What’s disturbing is the number of people who ought to know better that are cheering the result. Some of them we know. The Monday after South Carolina Laura Ingraham mused aloud on what The Donald might do next. Change water into wine? Walk on water? Laura, who makes no secret of her Roman Catholicism, was joking, of course, but what have we come to when we start uttering borderline blasphemies about such a man and when the jokes aren’t meant as ridicule?
Who is the man who will perform analogous miracles?

He’s the businessman the country needs in spite of four chapter 11 bankruptcies.

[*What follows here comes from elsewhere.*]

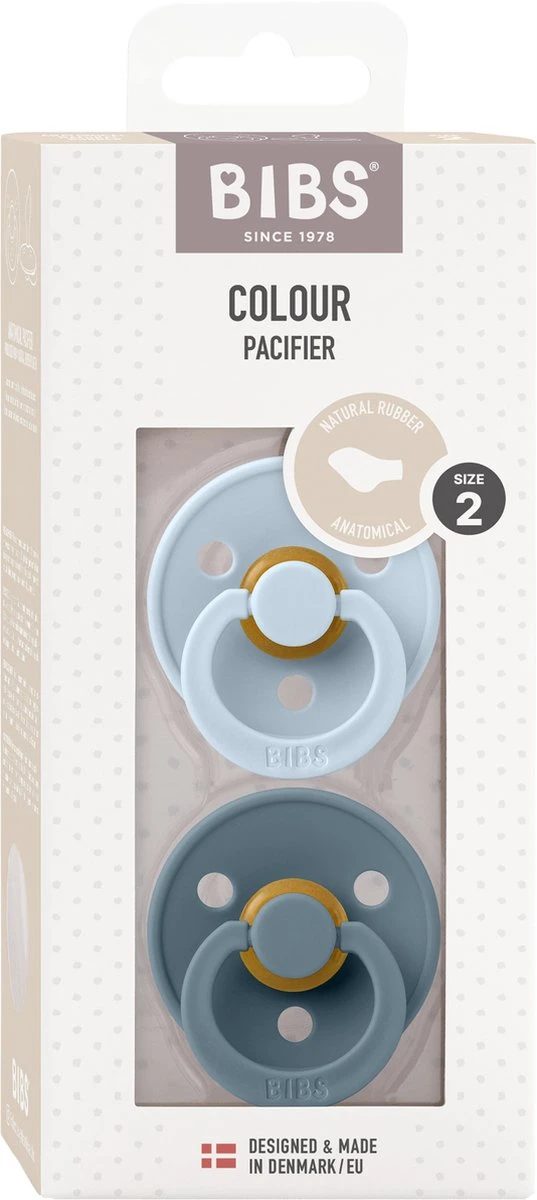 Blisters Bibs Dental Fopspenen Anatomical 6-18 Maanden| Set 4 Stuks|Sand, Iron, Baby Blue, Petrol| + Monkiezz Speenzakje| Orthodontisch| Anatomisch| Maat 2 2 Blisters Bibs Dental Fopspenen Anatomical 6-18 Maanden| Set 4 Stuks|Sand, Iron, Baby Blue, Petrol| + Monkiezz Speenzakje| Orthodontisch| Anatomisch| Maat 2 - Afbeelding 2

He’s the man who can fund his own campaign because he’s so rich, although he is in fact receiving donations and the fortune is apparently a fraction of what he claims. He’s the pro-life convert who won’t defund Planned Parenthood (“We have to look at the positive.”). He’s the “Bush lied, thousands died” peacenik who’s “the most militaristic” candidate in the field. Hilary’s scared to death of him, that is, when he’s not donating to her campaign and the Clinton Foundation.

He tells it like it is, except when he changes his mind.

He’ll be the most presidential man the country has ever seen once he’s gotten over his penchant to bully and blather his way through the debates, calling his opponents liars and idiots. And allowing for his whining, he’s tough.

Will this man become the leader of the free world? If numbers tell us anything, there’s a fair chance he may. Ultra-conservatives, whom Ted Cruz has counted on, like him; so do evangelicals, Hispanics, women, men, rich, and poor. When Donald speaks, they listen. What are they hearing? Now there’s the rub. All of the reasons for looking askance are easy enough to ascertain, as dozens of writers have noted, but the warnings have fallen on deaf ears. Forty-five percent of Nevada’s Republican-caucus is the most recent proof. They’re a gun-toting, freedom-loving, don’t-fence-me-in bunch from what I hear, and Trump, whose vocabulary doesn’t even include the word liberty, is their man.

The shocking revelation here is that the old politics of prudence and principle simply doesn’t apply anymore. Tells the people what they want to hear and hope they’ll love you enough to forget when you do the opposite.

Maybe we shouldn’t be surprised by this new game because in many ways, Obama prepared us for it. Call it the pop-star model. Use the right lingo, cultivate an attractive, even glamorous outside, and throw in a dash or two of arrogance, and the old-style politicians will be swept away in a tidal wave of adulation for the star. Personality is everything.

I won’t claim issues are irrelevant to Trump’s rise. We’ve been told time and time again that he’s tapped in to anger. But unlike Laura Ingraham and Mark Steyn (not to forget true believer Ann Coulter) I don’t think for one minute Trump can be counted on to implement policies that will assuage the people’s ire, either on immigration or trade reform, the two familiar hobbyhorses in the campaign. Trump’s resume is that of a wheeler-dealer, a wildcatter, and a gambler.

If that particular personality is now everything, the people have their man; any issue he tackles will have the same bottom line: will it enhance Trump, will it stroke his ego?

But will a man whose character is so tied up in large, glitzy, and expensive gambles that, naturally, bear his own name withstand the blandishments of the U.S. Chamber of Commerce or the corporate cronies he defends? All they have to do is show him the ‘yuuuge’ economic benefits of mass immigration, the unbelievable perks to accrue from TPP, promise him a Trump building in Beijing or Mexico City, and he’ll cave.

Some will insist rather ominously that Trump’s success has everything to do with Nazism or Fascism, but I doubt it. There’s no ideology here. It has less to do with conservatism. What, after all, is a conservatism without prudence, tradition, liberty, and a fundamental grasp of human limitations? Let the radio talk show hosts deny it, but Trumpism is reality television, focused on the one reality of Trump himself, imported to the political arena: loud, garish, expensive, and empty.

It’s South American banana republicanism North American style, with Trumpistas (or Trumpomanics) replacing Peronistas.

The man is everything; he’s the tough-loving father who single-handedly will make America great again. You call yourself a Christian? Your faith can accommodate this new secular pope. A Tea-partier? Who needs small government when you’ve got a giant among the pigmies?

And anyhow, he’s going to build the Wall—with his name on it.